While environmental studies is a focus of the Batten Honors College, Wesleyan’s administration has stressed that the ultimate goal is to create well rounded students who are leaders in their particular fields of study.
“The Batten Honors College is a three-legged stool. The students come here to study the environment, because we have a world class center, so that’s stool leg number one. Number two is to be leaders and number three is to have a global understanding,” President Scott Miller said.
“I think they tie in environmental sciences a lot over the course of what we do, but it’s never pushing us towards being an environmental scientist,” said Whitener, who wants to be an English teacher. She said she appreciated “having that environmental awareness and incorporating that into my own lessons and making my students aware” that the STEM courses provided her with.
The Batten Honors College’s vision is to “inspire, engage, and prepare academically talented students to become leaders, environmental stewards, and impactful citizens in the global community,” according to its website. Headed by Dr. Joyce Easter, the dean of the Batten Honors College and a chemistry professor, the college has begun to solidify itself as a staple in the environmental sciences.
The idea of revamping the Batten Honors program came after a long process wherein Miller reached out to donors to discover what their interests were and what they wanted to contribute.
“The way the honors college was created was that when they were doing a feasibility study for the next capital campaign they talked to some of our current donors and potential donors, and they went out and had one-on-one conversations with these donors about what they saw as real advantages and positives at the institution and what were some projects they would be interested in contributing to,” Easter said.
Miller spoke specifically with Jane P. Batten and discerned that a particular area she was interested in overhauling was the honors program, with an eventual goal being to distinguish the institution from others by facilitating for environmental stewards.
“When she provided the initiative, when we met with her about the honors program, we wanted a program that would help students develop into leaders in whatever program they were in, but we wanted them to be aware of being environmental stewards. So that was basically the charge,” Easter said.

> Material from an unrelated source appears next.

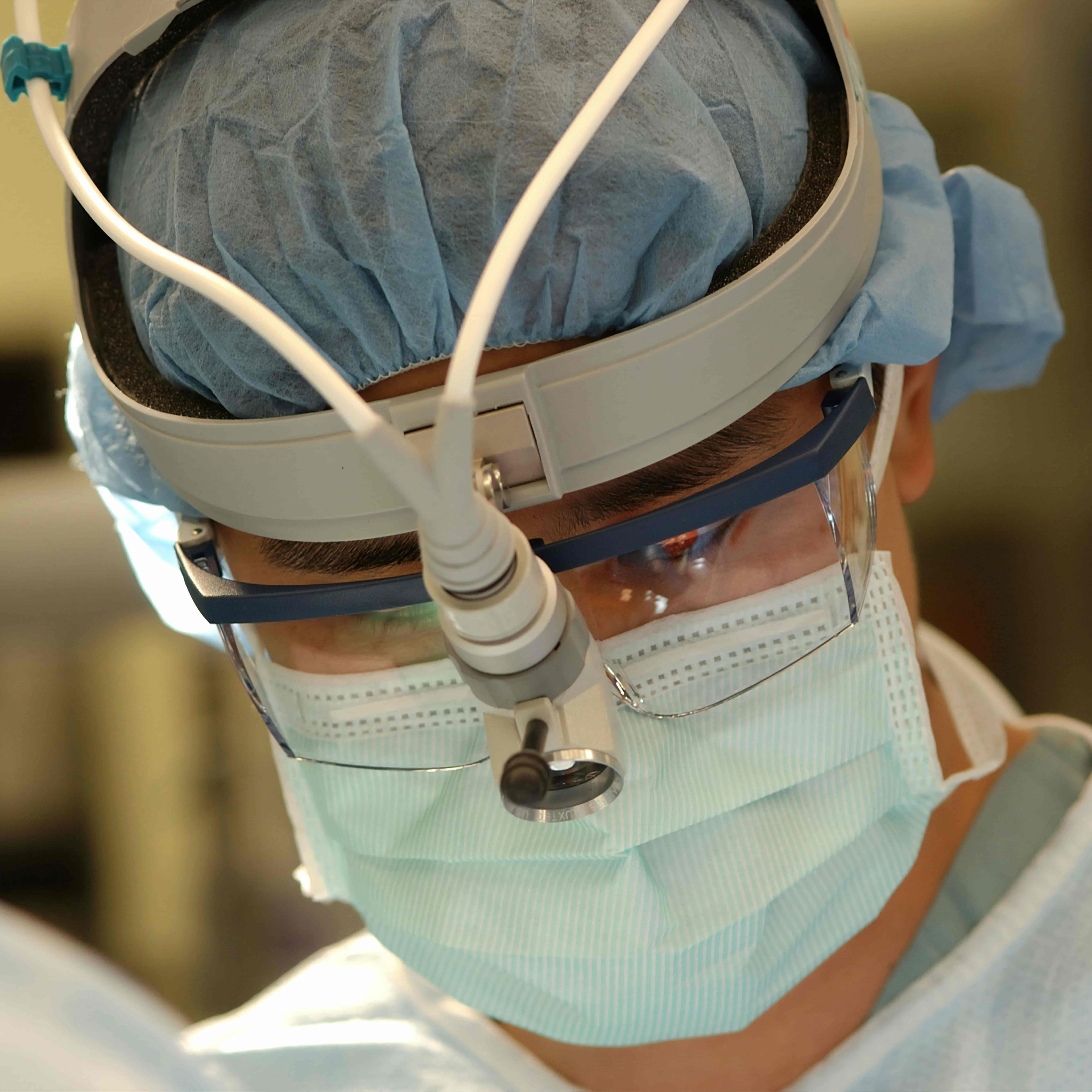 لوگوی فروشگاه كلينيک دندانپزشکی تخصصی حكمت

Though the Greer Center is often home to honors courses, the goal for the institution was for every student to have a course in there, environmentally-focused or otherwise.
“The plan when the Greer Environmental Science Center was built was to not just have a strong program in the environmental sciences, but to benefit the entire student population as a whole. I’ve been really pleased with that because I see that the faculty in that building are making it available to all students,” Miller said.